A towering, fluffy dome of panettone is an integral feature of any Italian Christmas. Delicious but difficult to make, this grand festive cake has attracted lots of legends, as Fleur Kinson discovers.


Big, bright boxes tied with shiny ribbons, piled high to make a perfect picture of bounty – what could be more in the spirit of Christmas? Anyone who’s ever been in Italy in the weeks before il Natale can’t have failed to admire the ubiquitous sight of boxes of panettone for sale, everywhere from cafés to bakeries to supermarkets and market stalls. Always stacked in opulent abundance, they are as decorative to any shopping scene as the twinkling bulbs strung overhead in the streets.
        It’s no wonder panettone makes such a popular gift. Who wouldn’t feel generous delivering such a fat, glossy box to a friend? And who wouldn’t want to receive one, and spend a few days leisurely working through the contents?  Originally a speciality of Lombardy in Italy’s north, panettone is now just as likely to feature in the Christmas feasting of central or southern Italy. Or Switzerland. Or, indeed, Latin America, where northern Italian immigrants introduced the big cake more than a hundred years ago and where it’s now such a Christmas staple that Italian bakers are seeking the cake’s DOC/DOP status, to protect themselves from South American competition!
        Few Italians bake panettone themselves at home, because it’s fiendishly tricky to make. You must beat the mixture till your arm nearly falls off, and proof the dough over several days. Ideally you must also hang the cake upside down to stretch while it cools – impractical in a normal domestic kitchen. The virtues of professionally-made panettone, meanwhile, are undeniable: an impossibly fluffy texture, a heavenly taste and aroma, and a long-lasting freshness. Not to mention a grand appearance. Put a full-sized panettone on the table and people sit up and take notice.

SHAPE AND STYLE
The classic panettone assumes the form of a tall dome – a large, cylindrical loaf almost a foot high and with roughly the same circumference. It’s a very light, not-overly-sweet brioche studded with melting sultanas and candied citrus fruit – soft, aromatic and delicious. There are variations on this now-quintessential idea of panettone. It can be made as individual buns, or baked in the shape of an octagon or a many-facetted star (like a pandoro).

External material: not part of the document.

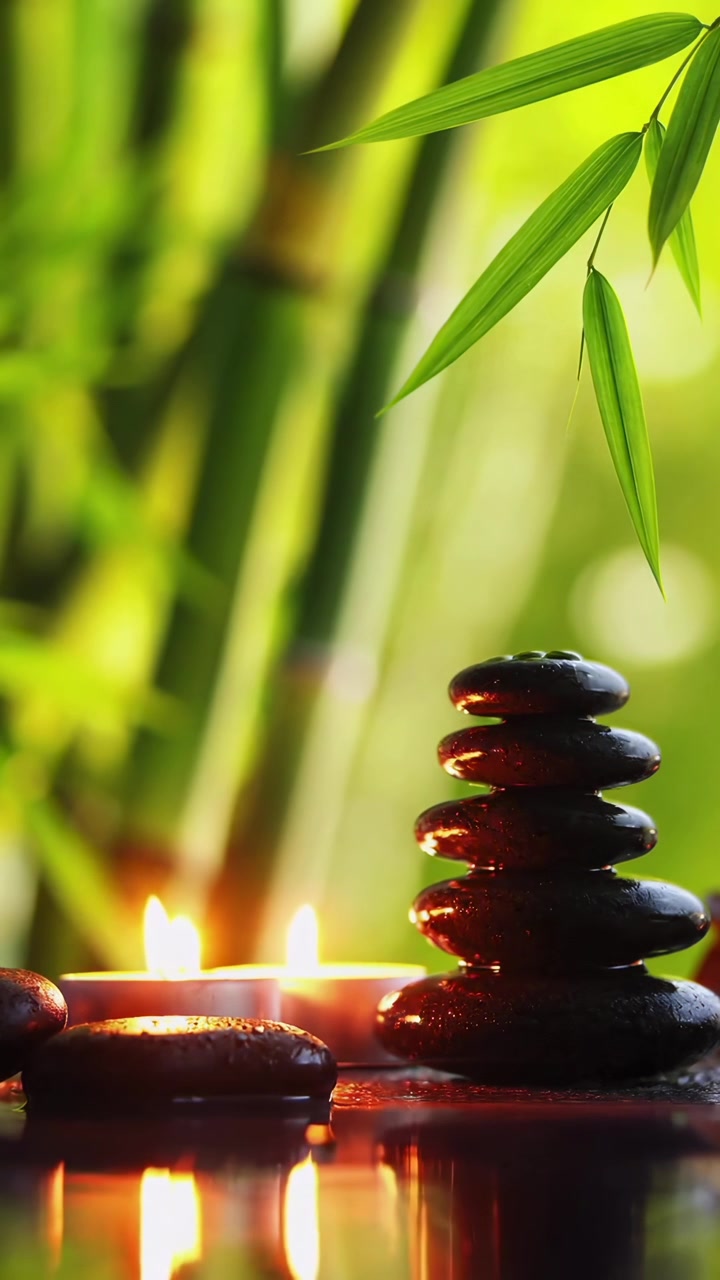 Rilassante ambiente spa con pietre impilate, candele tremolanti e bambù.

It can be made without the candied fruit, or without the sultanas, sometimes flavoured with cocoa instead, or coated in a thin shell of chocolate. Most unexpectedly, it can be made flat like focaccia, by purists wishing to honour the cake’s origins.
        Secretly, the people of Lombardy eat panettone at all times of the year, but elsewhere it’s exclusively a Christmas thing, or occasionally an Easter treat. A wintry northern Italian Christmas suits it well, as the Italians like to leave it on top of a radiator for a few minutes to intensify its aromas before they tuck in. Fat slices are then munched unadorned or doused with creams – mascarpone is traditional, but zabaglione or other flavoured dollops are also common. It’s washed down with hot drinks or sweet wines. Wrapped well and put away, it stays remarkably fresh for several days’ worth of festivities.

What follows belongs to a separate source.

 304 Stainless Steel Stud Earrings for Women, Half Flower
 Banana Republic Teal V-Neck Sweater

        But the current form wasn’t always how panettone looked and tasted. Like many classic Italian dishes, it saw a long, slow evolution over many centuries. More than most cakes, panettone has spawned a wealth of stories to explain its existence and its funny name. This being Italy, most of those tales concern romance and involve an audacious attempt to impress the object of one’s affection. Or they involve religious figures, that other Italian fixation...

LOVE AND BAKING
One common legend speaks of a lovestruck 15th-century nobleman, Ughetto Atellani, who was smitten by a poor baker’s daughter. In some versions of the story her name is Antonia (‘Toni’ for short) and in other versions it’s her father who’s called Antonio (also ‘Toni’ for short). Ughetto dazzled the object of his affection and/or her father by lovingly baking a cake of the highest quality and calling it ‘Toni’s bread’ or ‘Pan di Toni’. Marriage swiftly followed, and Leonardo da Vinci was allegedly among the wedding guests. Hmmm.

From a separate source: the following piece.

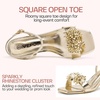 image:imageVepose Womens Kitten Heels Sparkly Rhinestone Cluster Ankle Strap Sandals Comfortable Approx 3 Inch Low Heel Open Square Toe Dressy Prom Wedding Party Shoes 6119Gold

        Another story talks of a young kitchen-boy who saved the day when a Sforza royal family Christmas feast looked like being ruined. Having accidentally burnt his own cakes to a cinder, the court cook had no dessert to offer the noble guests. While he was busy having a nervous breakdown, Toni the kitchen-boy stepped forth and threw together all the luxury ingredients he could find – eggs, butter, sugar, raisins. The guests hailed the cook as a genius, and the man admitted that the credit should go to young Toni instead. Another ‘Pan di Toni’ there.
        In more recent centuries, a certain Friar Antonio was said to have a special passion for the cake – then still in its low-rise form. The friar’s ridiculously high ecclesiastical hats inspired a gently-mocking cook to bake one in a similar shape and present it to him as, you guessed it, ‘Pan di Toni’. The name caught on, as did the new shape of the cake. Sometimes the ‘Toni’ of panettone isn’t a person at all. There are many historical references to ‘Pane di Ton’, which in Milanese dialect would have meant ‘bread of distinction’ or ‘bread of luxury’.
        Well, don’t you go believing any of it. The sadly prosaic truth is that panettone most probably just slowly evolved from a dark country bread typical of Lombardy back in the 10th or 11th century. On Christmas night, it was traditional to sprinkle some red wine and juniper onto the blazing hearth logs, then share out bread among the family. In medieval times, white flour became increasingly popular and so the Christmas bread took on a different hue. Over time, luxury ingredients such as eggs, sugar, raisins and candied fruit became increasingly available, and they got bunged into the Christmas bread too. Our modern idea of panettone was almost there.
        Panettone was as flat as focaccia until around the 1850s, when recipes including yeast started to appear. In the early 20th century, Angelo Motta started producing the cakes on an industrial scale, and it is most probably he who innovated the theatrically high dome shape and the meltingly fluffy texture, as he made his dough rise three times before baking. With Motta-brand panettone widely available, it was his shape and style of the cake that grew to become quintessential in the popular imagination.

ZEITGEIST AND ETYMOLOGY
Interestingly, the more fanciful legends of panettone’s origins tell us rather more about what was going on in the 19th-century Milanese psyche than what might or might not have occurred in the kitchens of Renaissance Lombardy. The various ‘Toni’ stories were all popularized in Milan during the 1800s, a period when the city was experiencing profound expansion as a wealthy centre of business. It’s no surprise that each of these colourful tales of panettone’s origin highlights an act of sudden invention and entrepreneurship, a good business idea which established a fortune of one kind or another. The ‘Toni’ stories were enthusiastically embraced because they fitted so well with the 19th-century Milanese citizens’ idea of themselves and their innovative part of the world.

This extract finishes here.